It’s important that you know that there can only be one App Engine instance in each Google Cloud project and that whatever region you choose when you create it will become permanent, so please make that choice wisely.
An App Engine application (https://cloud.google.com/appengine/docs/legacy/standard/python/an-overview-of-app-engine) is made up of one or more services, each of which can use different runtimes, each of which can have customized performance settings. Each of our services can have multiple versions deployed that will run within one or more instances, depending on the amount of traffic that we configured it to handle.
All the resources of an application will be created in the region that we choose when we create our App Engine app, including code, settings, credentials, and all the associated metadata. Our application will include one or more services but must have at least what is called the default service, which can also have multiple versions deployed.
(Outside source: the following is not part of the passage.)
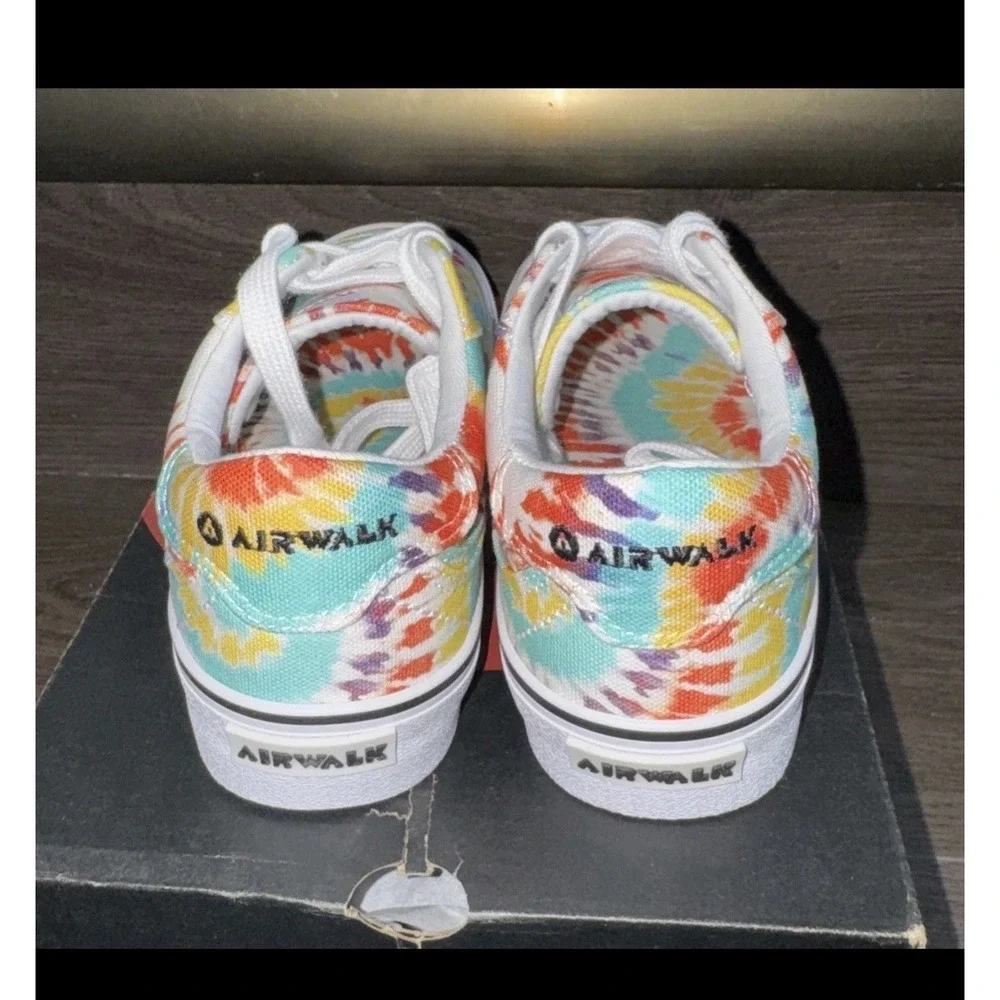Airwalk Harley Red Tie Dye Kid Size 5.5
Each version of a service that we deploy in our app will contain both the source code that we want to run and the required configuration files. An updated version may contain changes in the code, the configuration, or both, and a new version will be created when redeploying the service after making changes to any of these elements.
The ability to have multiple versions of our application within each service will make it easier to switch between versions for cases such as rollbacks or testing and can also be very useful when we are migrating our service, allowing us to set up traffic splits to test new versions with a portion of the users before rolling them out to all of them.
The different deployed versions of our services will run on one or more instances depending on the load at each time. AppEngine will scale our resources automatically, up if required to maintain the performance level, or down to avoid resource waste and help reduce costs.
Each deployed version of a service must have a unique name, which can be used to target and route traffic to a specific resource. These names are built using URLs that follow this naming convention:
https://<VERSION>-dot-<SERVICE>-dot-<PROJECT_ID>.<REGION_ID>.r.appspot.com
Note
The maximum length of <VERSION>-dot-<SERVICE>-dot-<PROJECT_ID>
is 63 characters, where VERSION
is the name of our version, SERVICE
is the name of our service, and PROJECT_ID
is our project ID, or a DNS lookup error will occur. Another limitation is that the name of the version and the service cannot start or end with a hyphen. Any requests that our application receives will be routed only to those versions of our services that have been configured to handle the traffic. We can also use the configuration to define which specific services and versions will handle a request depending on parameters such as the URL path.
App Engine environment types
App Engine offers two different environment types.
The App Engine standard environment is the simplest offering, aimed at applications running specific versions of the supported programming languages. At the time of writing this chapter, you can write your application in Node.js, Java, Ruby, C#, Go, Python, or PHP. You can see the up-to-date list on this documentation page: https://cloud.google.com/appengine/docs/the-appengine-environments.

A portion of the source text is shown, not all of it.